> **INSTRUCTIONS FOR THE TASK**:
What you return should be the complete data below, word for word, with no pictures in it.

> **AVAILABLE DATA**:
########

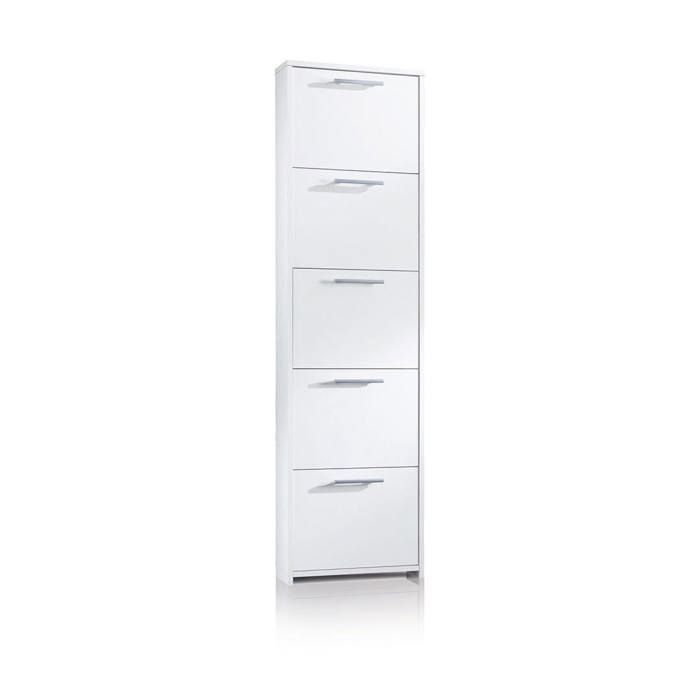 MEUBLE À CHAUSSURES EN BOIS BLANC À 5 PORTES PEU ENCOMBRANT MEUBLE À CHAUSSURES EN BOIS BLANC À 5 PORTES PEU ENCOMBRANT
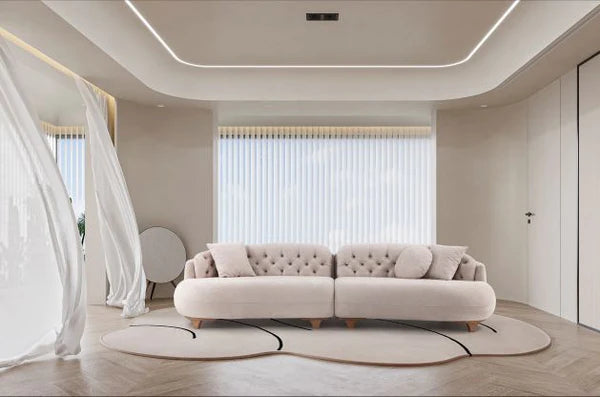 Allura Beige Boucle Curved Sectional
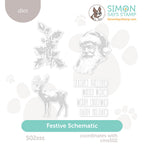 festive schematic dies set reindeer santa claus head holly branch
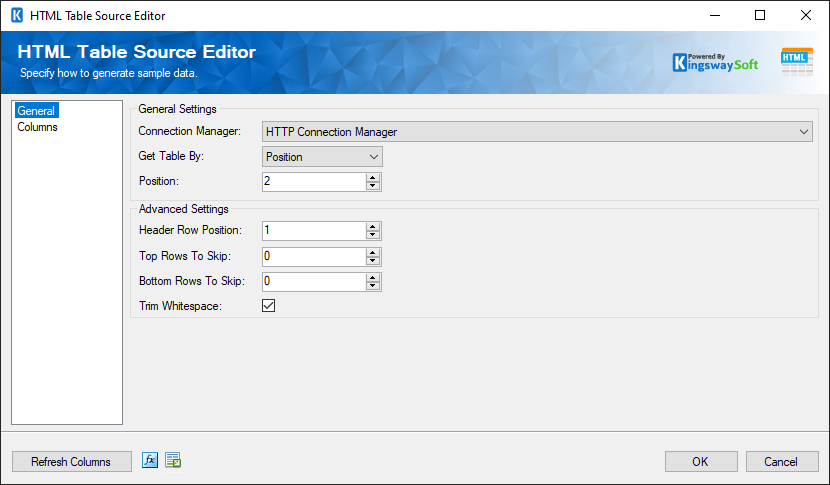 SSIS HTML Table Source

########

> **ANSWER SECTION**:
 MEUBLE À CHAUSSURES EN BOIS BLANC À 5 PORTES PEU ENCOMBRANT MEUBLE À CHAUSSURES EN BOIS BLANC À 5 PORTES PEU ENCOMBRANT
 Allura Beige Boucle Curved Sectional
 festive schematic dies set reindeer santa claus head holly branch
 SSIS HTML Table Source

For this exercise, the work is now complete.